Tuesday, April 21, 2009

Oil Little Changed as U.S. Dollar Gains, Equity Market Declines

April 21 (Bloomberg) -- Oil was little changed as U.S. equity markets weakened, a stronger dollar reduced the appeal of commodities and on speculation supplies will rise as the recession reduces demand.

Oil dropped yesterday as U.S. stocks tumbled, pulled lower by the biggest drop in financial shares in three months, and as the dollar rose to a one-month high versus the euro, making crude less attractive as a currency and inflation hedge.

“Oil is trading lower after receiving pressure from the Dow closing the session down almost 300 points,” said Mike Sander, an investment adviser at Sander Capital Advisors Inc. in Seattle. “With the dollar looking to go higher, more negative news about the economy, and bad banks, oil could easily stay below $50 and even to the low $40 range.”

Crude oil for May delivery fell 17 cents to $45.71 a barrel at 9:15 a.m. Sydney time on the New York Mercantile Exchange.

In trading yesterday, crude futures fell $4.45, or 8.8 percent, to $45.88 a barrel, the lowest settlement since March 11. It was the biggest drop since March 2. Prices are up 2.9 percent this year. The May contract expires tomorrow.

The more-active June futures climbed 12 cents to $48.63 in early trading. The futures dropped $3.96, or 7.5 percent, to $48.51 a barrel yesterday.

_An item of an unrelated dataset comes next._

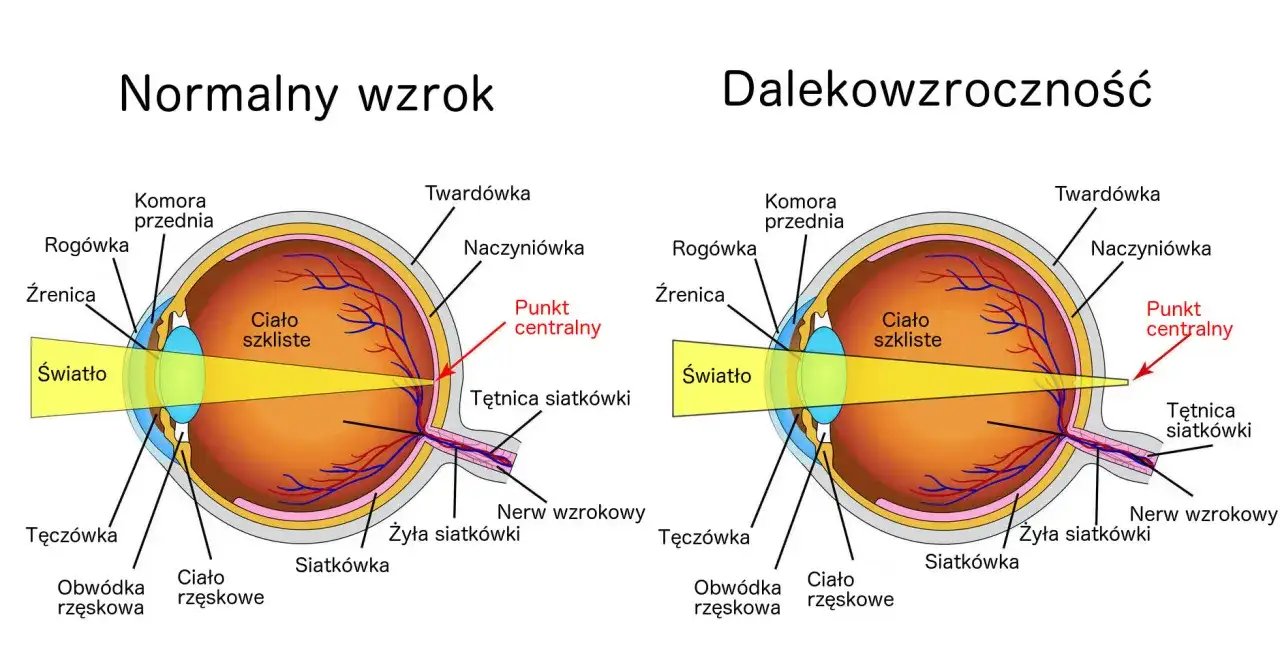 Na czym polega dalekowzroczność? Obraz pokazuje, że światło skupia się za siatkówką, a nie na niej, co powoduje nieostre widzenie.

An Energy Department report this week is forecast to show that crude inventories climbed from the highest level since September 1990.

Strong Dollar

“The strength of the dollar has prompted a selling in the oil market,” said Gene McGillian, an analyst and broker at Tradition Energy in Stamford, Connecticut. “We repeatedly shift from concentrating on the fundamentals of high inventories and low demand on one hand and hopes of recovery later this year. The fundamental picture has reasserted itself today.”

The dollar strengthened as European Central Bank policy makers disagreed on the measures needed to combat the recession. The U.S. currency rose to $1.2922 from $1.3044 in New York on April 17.

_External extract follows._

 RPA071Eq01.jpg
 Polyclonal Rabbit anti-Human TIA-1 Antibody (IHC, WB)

Stocks declined on concern that credit losses are growing. The Standard & Poor’s 500 Index dropped 4.3 percent to 832.39. The Dow Jones Industrial Average fell 289.60 points to 7,841.73.

“The strong dollar and weak stock market are key,” said Phil Flynn, senior trader at Alaron Trading Corp. in Chicago. “Oil is still locked in a trading range and I doubt that today’s headlines will be enough to break out of it.”

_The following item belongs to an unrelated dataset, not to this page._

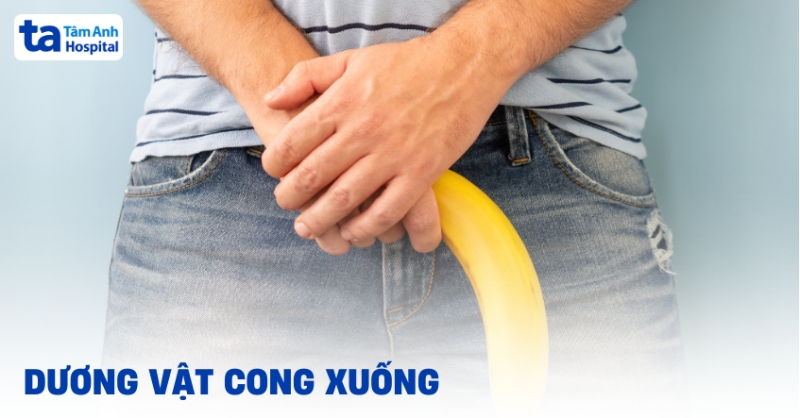 Dương vật cong xuống làm sao cho thẳng? Có ảnh hưởng gì không?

Oil prices around $50 a barrel will help the economy recover, according to Mohamed al-Hamli, the oil minister of the United Arab Emirates. The Organization of Petroleum Exporting Countries is concerned about oil demand uncertainty, and maintaining crude prices at reasonable levels is vital, he said.

Stockpiles Rise

Crude-oil stockpiles rose 2.4 million barrels last week, according to the median of 10 estimates by analysts in a Bloomberg News survey. The Energy Department is scheduled to release its weekly report April 22 at 10:30 a.m. in Washington.

Total daily fuel demand averaged in the four weeks ended April 10 was 18.7 million barrels, down 5.2 percent from a year earlier, the Energy Department reported on April 15. Crude supplies climbed 5.67 million barrels to 366.7 million, last week’s report showed.

“The implied demand numbers last week weren’t very good,” said Adam Sieminski, the chief energy economist at Deutsche Bank AG in Washington. “There will be good weeks and bad weeks. Even if we have a string of good weeks, that doesn’t mean the market is finished with its correction.”

U.S. fuel demand in the first quarter fell to the lowest for the period in 11 years, the American Petroleum Institute said in a monthly report last week. Deliveries of petroleum products, a measure of consumption, averaged 19.2 million barrels a day, 3.4 percent less than during the same period in 2008, the industry-funded API said.

‘Dismal’ Numbers

“The DOE statistics last week were dismal,” said Tim Evans, an energy analyst with Citi Futures Perspective in New York. “Demand is dramatically lower and inventories are the highest since September 1990. These are not subtle bearish signals.”

The International Energy Agency, the Organization of Petroleum Exporting Countries and the U.S. Energy Department lowered their 2009 global oil consumption forecasts this month.

“What we have in 2009 is a year of two halves,” Christof Ruehl, chief economist of BP Plc, said yesterday in an interview in Dubai. “The first half was pretty terrible and the second half is likely to be stabilizing in the sense that the global contraction is likely to stabilize.”

Goldman Sachs Group Inc. analysts predict oil prices will decline to $45 a barrel because of weak demand and rising inventories before recovering to $65 by the end of the year.

“This weakness is being driven by deteriorating oil demand,” Goldman analysts David Greely in New York and Jeffrey Currie in London said in a report dated April 17. “In the U.S., oil demand has fallen to its lowest level since October of last year, while implied oil demand in China and the non-OECD countries fell back to 2007 levels in February.”